Exercise brief
Set down, word for word, the line with "Bonsai tree without" and the lines after it through the final line of the data below, without pictures.

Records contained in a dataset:
==*==
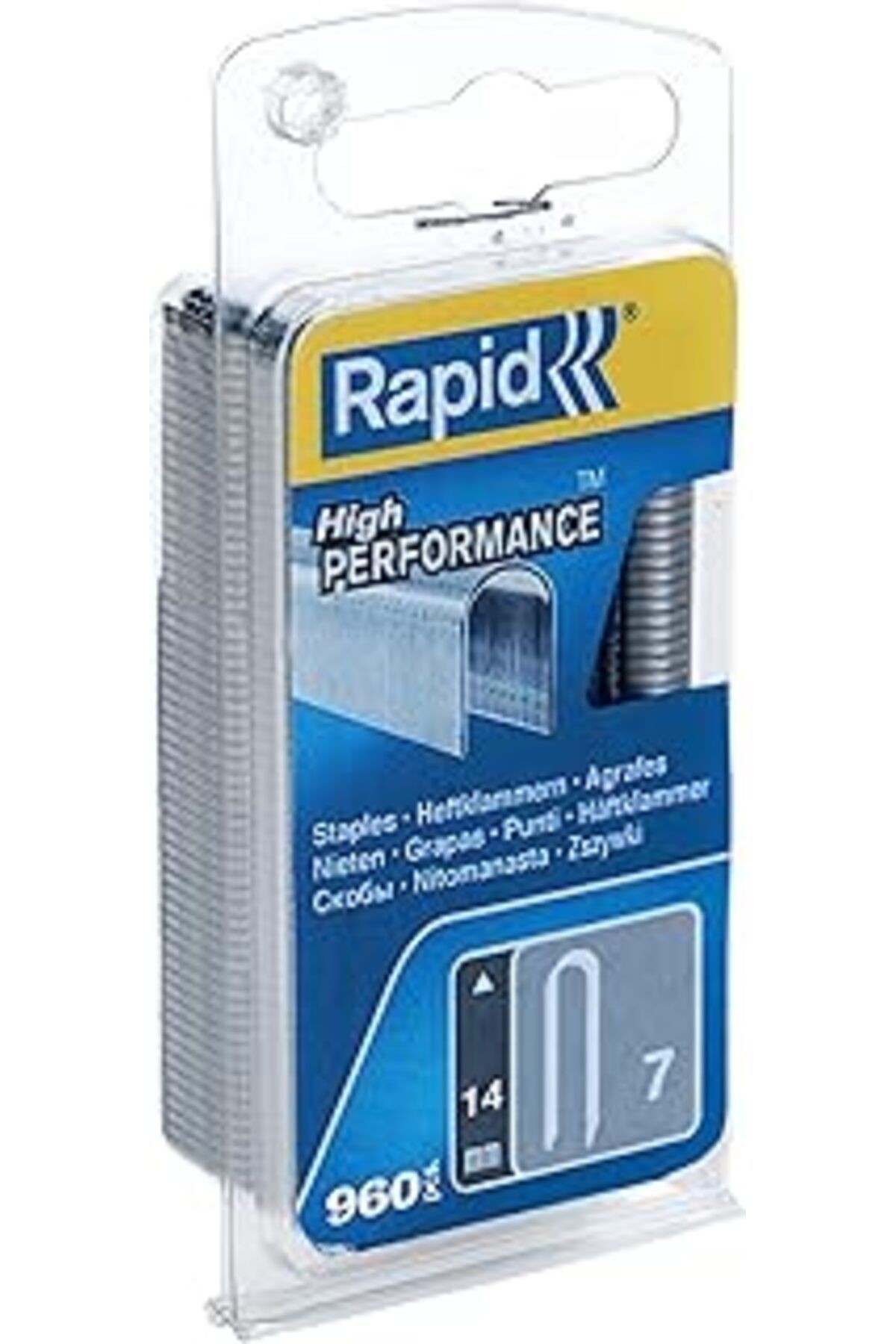 Rapid Zımba Teli Tip 7, 14 Mm Kıskaç, 960 Adet, Yuvarlak Sırtlı, 6 Mm'Ye Kadar Kablolar Için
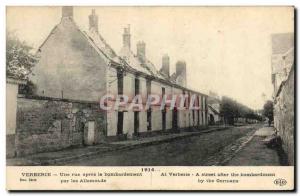 Old Postcard Army Verberie A Street After Bombing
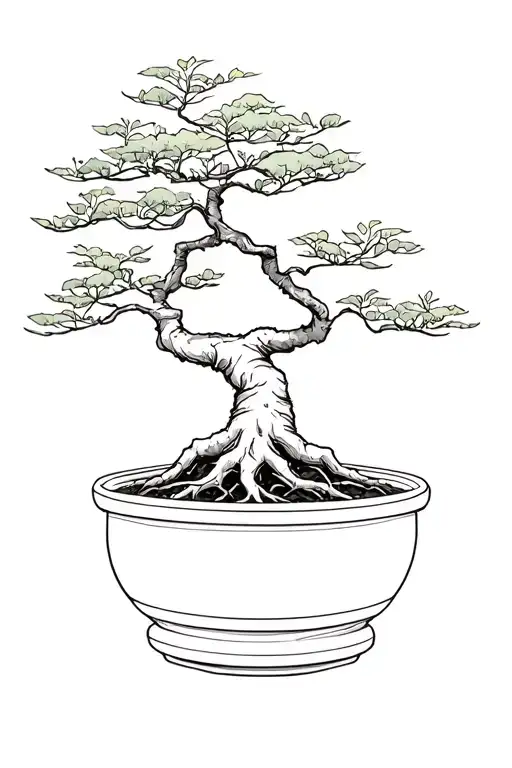 Bonsai tree without pot exposed fine roots minimal foliage tattoo design idea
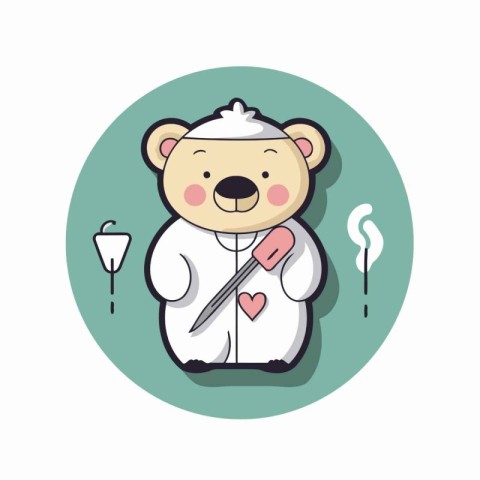 Cute polar bear holding a bow and arrow. Vector illustration.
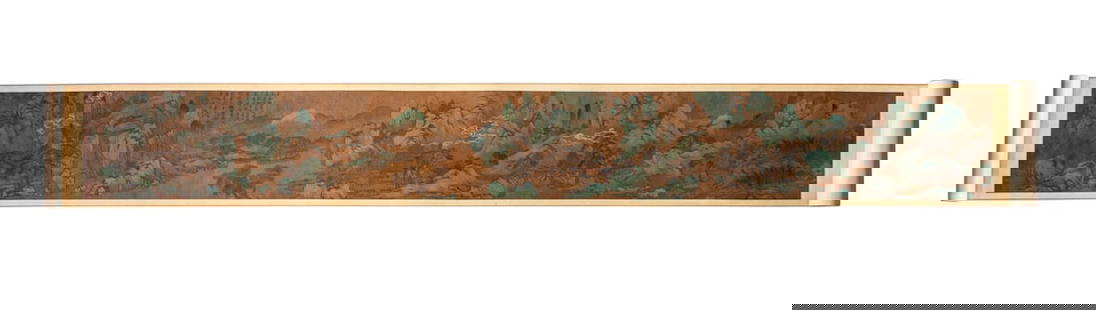 Attributed to Wen Zhengming: Attributed to Wen Zhengming (Chinese, 1470-1559) Landscape ink and color on silk, handscroll signed with in inscription, two artist seals, Zheng, Ming, and two collectors' seals. 文徵ą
==*==
Your response
 Bonsai tree without pot exposed fine roots minimal foliage tattoo design idea
 Cute polar bear holding a bow and arrow. Vector illustration.
 Attributed to Wen Zhengming: Attributed to Wen Zhengming (Chinese, 1470-1559) Landscape ink and color on silk, handscroll signed with in inscription, two artist seals, Zheng, Ming, and two collectors' seals. 文徵ą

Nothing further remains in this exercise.